La suite? Eh bien nous attendons toujours une réponse de
l’assureur à quelques jours du procès. Tout est en place. Une longue télésérie
qui peut être, pourrait se terminer très bientôt.
C’est à suivre..
Dans la deuxième partie à venir, je parlerai des aspects psycho-sociaux de cette période.
Quand on vit des moments difficiles comme en vivent les
personnes affectées par l’EM, il est normal et courant de chercher comment
faire pour continuer à vivre avec cette maladie des plus difficile à
comprendre, mais aussi et surtout à vivre.
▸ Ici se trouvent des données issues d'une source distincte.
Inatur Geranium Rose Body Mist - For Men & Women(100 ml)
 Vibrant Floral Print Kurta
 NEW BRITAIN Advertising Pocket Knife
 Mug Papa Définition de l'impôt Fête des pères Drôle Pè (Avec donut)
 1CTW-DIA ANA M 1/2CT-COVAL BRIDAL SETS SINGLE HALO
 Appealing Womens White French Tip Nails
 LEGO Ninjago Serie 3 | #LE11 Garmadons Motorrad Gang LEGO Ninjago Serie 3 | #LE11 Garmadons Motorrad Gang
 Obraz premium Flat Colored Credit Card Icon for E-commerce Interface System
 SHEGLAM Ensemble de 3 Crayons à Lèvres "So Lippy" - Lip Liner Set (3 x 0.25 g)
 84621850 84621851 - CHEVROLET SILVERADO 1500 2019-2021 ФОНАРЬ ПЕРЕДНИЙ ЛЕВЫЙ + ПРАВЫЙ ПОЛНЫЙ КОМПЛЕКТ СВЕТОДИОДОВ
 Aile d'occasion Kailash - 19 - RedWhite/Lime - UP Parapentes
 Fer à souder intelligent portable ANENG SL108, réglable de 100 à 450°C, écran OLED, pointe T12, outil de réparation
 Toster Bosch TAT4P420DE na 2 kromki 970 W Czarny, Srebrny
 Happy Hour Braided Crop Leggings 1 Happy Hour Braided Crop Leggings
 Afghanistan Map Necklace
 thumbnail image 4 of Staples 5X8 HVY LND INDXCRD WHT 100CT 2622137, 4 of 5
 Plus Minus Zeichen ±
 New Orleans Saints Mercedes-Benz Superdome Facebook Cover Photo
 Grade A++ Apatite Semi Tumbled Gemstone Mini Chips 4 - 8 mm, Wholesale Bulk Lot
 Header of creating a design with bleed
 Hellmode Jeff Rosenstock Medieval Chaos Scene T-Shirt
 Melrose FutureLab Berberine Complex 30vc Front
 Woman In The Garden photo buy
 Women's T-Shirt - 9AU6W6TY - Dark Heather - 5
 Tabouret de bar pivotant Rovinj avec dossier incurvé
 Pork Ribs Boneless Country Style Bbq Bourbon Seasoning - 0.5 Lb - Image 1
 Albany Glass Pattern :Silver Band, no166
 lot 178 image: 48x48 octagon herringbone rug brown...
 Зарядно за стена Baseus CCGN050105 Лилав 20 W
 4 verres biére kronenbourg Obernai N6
Il est normal de lire ou s'intéresser à ce que les autres ont vécu, car cela nous aide
parfois à envisager les choses différemment.
Je suis comme vous.
Au début de ma maladie, et ensuite du
combat pour que l’on reconnaisse mon invalidité, les témoignages que j’ai entendu m’ont soutenue, rassuré et m’ont aussi inquiété. Chaque histoire
est unique, bien entendu. Si la mienne peut vous aider ou aider un proche,
alors je n’aurai pas écrit ou vécu tout cela pour rien.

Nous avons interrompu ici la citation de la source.